Quote Originally Posted by randyr
Thanks for the heads up about the extra bits, Dave. In doing a search for the replacement screws, I've found a few reproduction houses that carry them, some stainless & some regular. I've sent emails asking about the strength of the stainless screws but no response yet. I really don't care which they are as long as they are strong and paint will stick to them. I hope to never remove them again once the doors are adjusted. While I'm at it is there any need to replace the hinge pins? Mine seem to be tight and in good working order.

I'm quite a ways away for exhaust pipes yet but I'm listening to you guys and formulating ideas along the way. I had originally thought I would just take it to a muffler shop and have it done but the more I read, the more I'm inspired to tackle it myself. Does the aluminized steel use the same welding gas (CO2/argon) that I have or something different?
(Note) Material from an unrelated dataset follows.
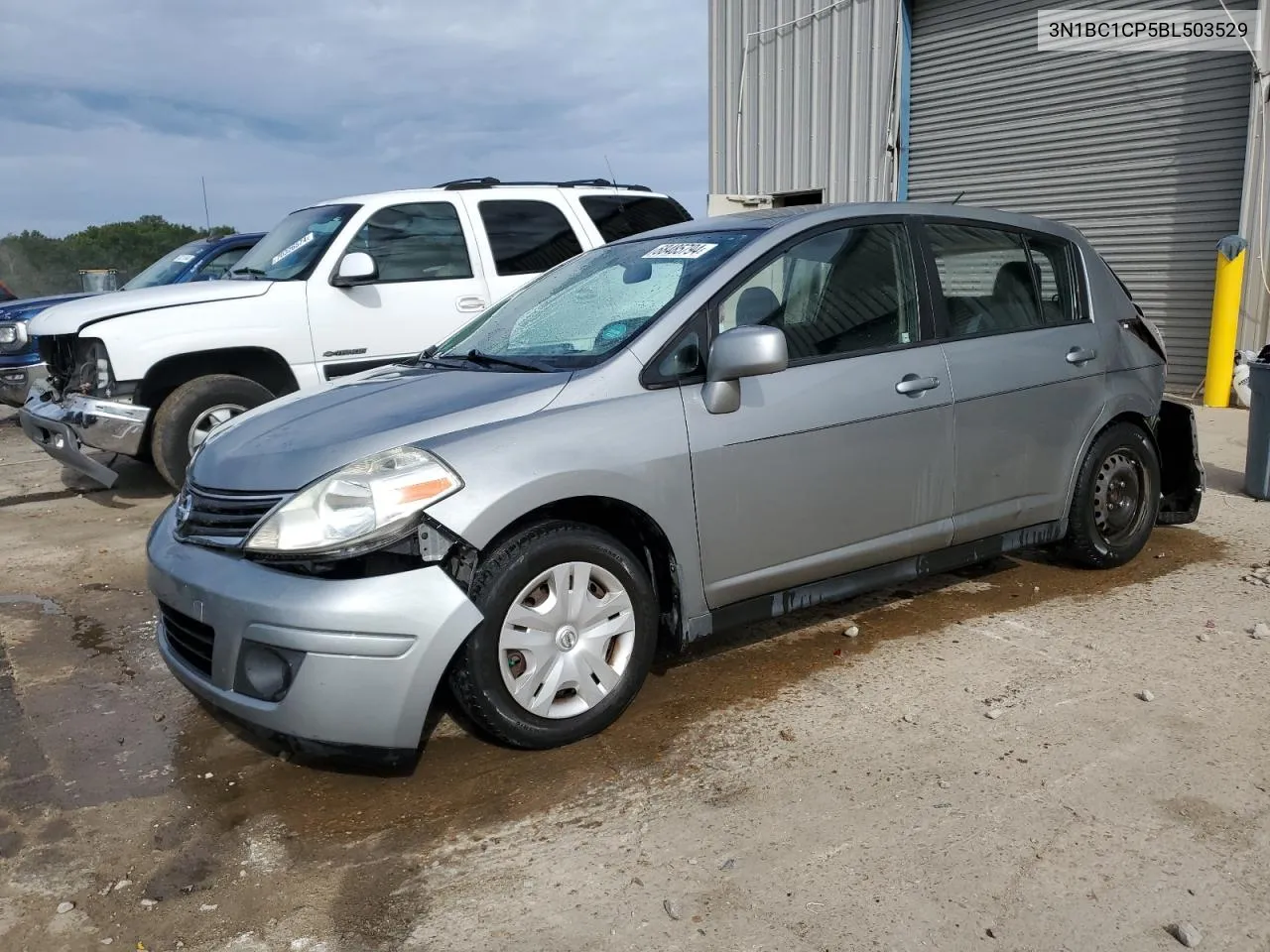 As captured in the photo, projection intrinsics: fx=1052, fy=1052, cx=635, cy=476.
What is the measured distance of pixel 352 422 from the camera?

Anyway, Dave I'm anxious to see that body on your frame. Will that be happening soon or are you still building a bird house?? LOL!

Later guys.
Randy
Randy - up early today, eh!!!
You'll be lucky to get more then a D-u-h-h from most suppliers. IMO, the ferrous OEMs lasted 70 years, why SS if you are painting them. If I had the hinges off I would replace the pins regardless (assuming you can find them)
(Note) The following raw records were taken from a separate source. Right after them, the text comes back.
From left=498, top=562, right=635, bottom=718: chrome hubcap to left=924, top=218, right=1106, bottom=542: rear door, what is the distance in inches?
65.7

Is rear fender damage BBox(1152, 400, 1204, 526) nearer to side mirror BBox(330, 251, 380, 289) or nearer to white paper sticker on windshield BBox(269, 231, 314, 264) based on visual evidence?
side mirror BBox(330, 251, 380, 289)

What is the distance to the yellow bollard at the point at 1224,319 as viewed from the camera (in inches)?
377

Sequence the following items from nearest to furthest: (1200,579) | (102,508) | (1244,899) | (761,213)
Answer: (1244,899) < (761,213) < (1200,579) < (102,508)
I used the standard auto supply store aluminized steel and it welded nicely with my standard CO2/Argon gas. When you cut pipe off, you end up with a clean end with no aluminum. I dressed the burrs and made a weld prep with a file because I used a sawzall instead of a pipe cutter.

Your anxious to see the body on the frame - but I'm beyond that. A foot of slop in my backyard has to disappear before I can drag the chassis up the hill to the garage. Don't want to get it stuck in a "raw" state in my lawn.